Jul10

Jamaaladeen Joins The Last Poets

Jazz Cafe, London

“Legendary pioneers of rap”
"A word hasn’t been coined to fit what we’re talking about!” The Last Poets told Rolling Stone Magazine in 1970. Today, more than 35 years later, The Last Poets are rightfully hailed as the Godfathers of The Worldwide Hip-Hop Nation.
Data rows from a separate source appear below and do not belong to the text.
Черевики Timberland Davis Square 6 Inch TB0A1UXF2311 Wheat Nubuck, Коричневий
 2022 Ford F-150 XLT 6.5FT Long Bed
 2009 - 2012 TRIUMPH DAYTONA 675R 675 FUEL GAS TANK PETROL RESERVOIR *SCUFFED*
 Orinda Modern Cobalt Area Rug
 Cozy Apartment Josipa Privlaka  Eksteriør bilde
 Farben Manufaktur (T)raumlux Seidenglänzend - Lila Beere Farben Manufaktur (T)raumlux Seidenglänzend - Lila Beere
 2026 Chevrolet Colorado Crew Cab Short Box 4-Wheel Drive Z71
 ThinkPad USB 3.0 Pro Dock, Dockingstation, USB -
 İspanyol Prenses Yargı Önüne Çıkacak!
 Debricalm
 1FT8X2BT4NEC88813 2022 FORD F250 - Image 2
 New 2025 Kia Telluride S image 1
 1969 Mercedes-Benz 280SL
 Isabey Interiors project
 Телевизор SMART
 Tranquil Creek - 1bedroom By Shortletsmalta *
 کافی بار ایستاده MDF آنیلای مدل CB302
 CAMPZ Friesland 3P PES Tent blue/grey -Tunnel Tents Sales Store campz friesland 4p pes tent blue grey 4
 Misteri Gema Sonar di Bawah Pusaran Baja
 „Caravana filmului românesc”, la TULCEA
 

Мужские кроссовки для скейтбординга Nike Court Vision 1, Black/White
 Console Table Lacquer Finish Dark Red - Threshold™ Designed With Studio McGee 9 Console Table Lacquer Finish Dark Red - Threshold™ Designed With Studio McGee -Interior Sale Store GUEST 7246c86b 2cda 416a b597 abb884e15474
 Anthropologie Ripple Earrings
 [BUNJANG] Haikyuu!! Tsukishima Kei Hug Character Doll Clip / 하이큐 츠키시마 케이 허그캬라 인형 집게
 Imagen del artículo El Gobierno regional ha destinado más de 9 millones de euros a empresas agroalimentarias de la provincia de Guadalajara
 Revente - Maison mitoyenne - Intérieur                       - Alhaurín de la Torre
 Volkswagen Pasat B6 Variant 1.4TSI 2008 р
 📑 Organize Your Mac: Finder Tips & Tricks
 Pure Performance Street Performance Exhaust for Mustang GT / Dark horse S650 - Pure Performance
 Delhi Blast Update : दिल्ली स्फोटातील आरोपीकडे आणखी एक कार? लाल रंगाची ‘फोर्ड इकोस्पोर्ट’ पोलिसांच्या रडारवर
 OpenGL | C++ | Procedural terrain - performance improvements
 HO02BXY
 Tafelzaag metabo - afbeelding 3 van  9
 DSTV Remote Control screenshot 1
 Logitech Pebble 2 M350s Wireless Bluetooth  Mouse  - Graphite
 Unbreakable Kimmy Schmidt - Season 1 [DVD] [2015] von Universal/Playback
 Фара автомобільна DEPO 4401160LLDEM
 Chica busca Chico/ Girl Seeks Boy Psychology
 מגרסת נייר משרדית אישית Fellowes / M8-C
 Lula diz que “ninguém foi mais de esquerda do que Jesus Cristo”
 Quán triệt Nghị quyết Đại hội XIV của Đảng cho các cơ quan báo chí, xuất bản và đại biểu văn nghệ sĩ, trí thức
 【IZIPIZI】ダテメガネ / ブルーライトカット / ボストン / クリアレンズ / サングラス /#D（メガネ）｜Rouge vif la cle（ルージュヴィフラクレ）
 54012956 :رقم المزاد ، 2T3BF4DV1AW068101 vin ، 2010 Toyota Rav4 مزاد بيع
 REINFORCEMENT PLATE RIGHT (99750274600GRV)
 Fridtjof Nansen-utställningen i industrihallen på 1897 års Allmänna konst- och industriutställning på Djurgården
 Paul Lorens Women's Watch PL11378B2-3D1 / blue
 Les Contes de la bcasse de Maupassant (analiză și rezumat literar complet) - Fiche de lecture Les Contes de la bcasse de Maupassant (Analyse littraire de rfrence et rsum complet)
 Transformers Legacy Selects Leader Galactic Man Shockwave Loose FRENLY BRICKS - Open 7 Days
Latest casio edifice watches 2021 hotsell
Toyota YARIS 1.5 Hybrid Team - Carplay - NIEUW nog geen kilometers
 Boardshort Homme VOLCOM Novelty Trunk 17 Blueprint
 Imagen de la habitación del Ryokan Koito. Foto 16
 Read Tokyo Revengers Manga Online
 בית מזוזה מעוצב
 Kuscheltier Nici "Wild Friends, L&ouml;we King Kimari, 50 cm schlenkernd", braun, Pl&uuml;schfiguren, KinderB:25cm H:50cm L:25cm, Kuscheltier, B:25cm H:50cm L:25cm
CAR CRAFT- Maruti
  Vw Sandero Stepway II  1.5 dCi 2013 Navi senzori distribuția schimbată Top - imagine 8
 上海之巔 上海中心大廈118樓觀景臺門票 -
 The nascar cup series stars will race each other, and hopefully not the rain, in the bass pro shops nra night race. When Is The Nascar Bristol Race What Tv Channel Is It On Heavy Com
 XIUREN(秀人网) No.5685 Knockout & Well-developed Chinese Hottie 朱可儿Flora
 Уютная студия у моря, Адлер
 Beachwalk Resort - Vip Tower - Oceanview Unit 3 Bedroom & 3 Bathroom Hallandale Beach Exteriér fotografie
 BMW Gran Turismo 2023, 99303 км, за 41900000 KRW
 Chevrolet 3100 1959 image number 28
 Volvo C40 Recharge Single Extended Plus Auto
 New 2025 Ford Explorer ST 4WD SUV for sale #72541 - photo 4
Activist lyricists born of the US civil rights uprisings of the 1960s, The Last Poets have rightfully earnt their reputation; the hard way.
At the time when James Brown was releasing his groundbreaking ‘Say It Loud, I’m Black & I’m Proud’, The Last Poets produced an early arsenal of work including the classic LPs ‘The Last Poets’ (1970) that also preceded & consequently inspired a slew of politically coherent but also more mainstream r&b projects, such Marvin Gaye’s ‘What’s Goin’ On?’, Funkadelic’s ‘America Eats Its’ Young’, and, Curtis Mayfield’s ‘There’s No Place Like America Today’.
The Last Poets have enjoyed a huge grass-roots resurgence in popularity since the early 1990s, leading to a cameo-role in John Singleton’s film ‘Poetic Justice’ alongside Janet Jackson & Tupac Shakur, and then participated in the 1994 Lollapalooza tour of the US alongside Beastie Boys, Smashing Pumpkims, A Tribe Called Quest, Nick Cave and George Clinton. This was followed by the ‘Holy Terror‘ LP (1995), and a published mini-autobiography, ‘On A Mission: Selected Poems and A History of The Last Poets’ (1996), which is an affecting combination of memoir and verse, as the Last Poets tell us their own story in print for the first time.